Pubblicato da Nuvita in data:
3/23/2021

A quanti mesi i primi sogni?

Guardare un neonato che dorme è una meravigliosa esperienza. Ma cosa succede dietro quegli occhietti chiusi?

Più si studia la questione, più si scopre che i neonati sono grandi sognatori.

Già a partire dal settimo mese di gestazione il feto trascorre periodi sempre più regolari di sonno tranquillo, che possono durare 5-10 minuti, in cui resta immobile o con una motilità molto ridotta.

A questi seguono momenti di veglia e soprattutto periodi di sonno agitato, con movimenti frequenti. Quest'ultima condizione somiglia in modo straordinario al cosiddetto "sonno REM" (dall'inglese rapid eye movements, con movimenti oculari rapidi), quello stato in cui sappiamo che nel bambino più grande o nell'adulto intervengono i sogni.

Negli anni '80 alcuni ricercatori avanzavano l'ipotesi affascinante che, mentre si trova in una fase di sonno agitato, il feto sperimenti una qualche forma di vita mentale, rielaborando le sensazioni derivanti dal proprio movimento, e che di questi processi possano restare tracce di memoria nella vita futura [Mancia, 1982].

Oggi gli studi contemporanei sembrano evidenziare che i bambini inizierebbero a sognare ancora prima della nascita. Il Dr. Alan Greene, autore di"Dai primi calci ai primi passi" spiega:

"I bambini sognano maggiormente il primo giorno di vita che in qualsiasi altro momento successivo e sognano ancora di più prima di essere nati. Per tutto il terzo trimestre di gestazione i bambini dormono la maggior parte del tempo e sognano la maggior parte del tempo, sognando le cose che stanno vivendo attraverso le proprie percezioni visive, uditive e gustative. Sentono quello che sta succedendo nel mondo intorno a loro, ne formano un ricordo, e possono trasformarlo in un contenuto onirico."
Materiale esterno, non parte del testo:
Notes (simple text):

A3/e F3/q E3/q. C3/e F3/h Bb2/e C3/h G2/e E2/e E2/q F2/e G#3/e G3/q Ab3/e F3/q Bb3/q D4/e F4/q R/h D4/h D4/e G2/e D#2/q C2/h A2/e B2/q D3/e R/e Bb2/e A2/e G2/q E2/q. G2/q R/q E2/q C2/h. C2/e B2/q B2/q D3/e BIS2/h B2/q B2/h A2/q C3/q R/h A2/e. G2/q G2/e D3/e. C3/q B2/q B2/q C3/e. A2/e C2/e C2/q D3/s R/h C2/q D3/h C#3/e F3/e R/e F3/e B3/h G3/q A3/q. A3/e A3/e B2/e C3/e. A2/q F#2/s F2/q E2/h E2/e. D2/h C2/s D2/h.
Sulla stessa linea di pensiero il professor Allan Hobson, docente di psichiatria alla Harvard Medical School, che durante una recente conferenza organizzata a Venezia dal titolo “The future of the science”, ha spiegato ai presenti che l’uomo inizia a sognare già nell’utero materno.

Già dopo otto settimane di gestazione, parallelamente allo sviluppo del sistema di attivazione oculare, il feto inizierebbe la sua attività onirica, che gli consente di venire al mondo con una sorta di“preparazione” a quello che dovrà affrontare con la crescita. Infatti dopo alcuni esperimenti, il professor Hobson ha esaminato come nei neonati la fase REM sia fino a 4 volte più lunga rispetto agli adulti (in cui e' pari al 15-20% del sonno), occupando l'82-90% circa del sonno complessivo.

Nei neonati prematuri la fase REM sarebbe più lunga di un ulteriore 5%. Il sonno del neonato è fondamentale nello sviluppo della coscienza primaria, che condividiamo anche con gli altri mammiferi e uccelli, che sognano come noi, e che ci consente di costruire e venire al mondo con una sorta di 'mappa della realtà'.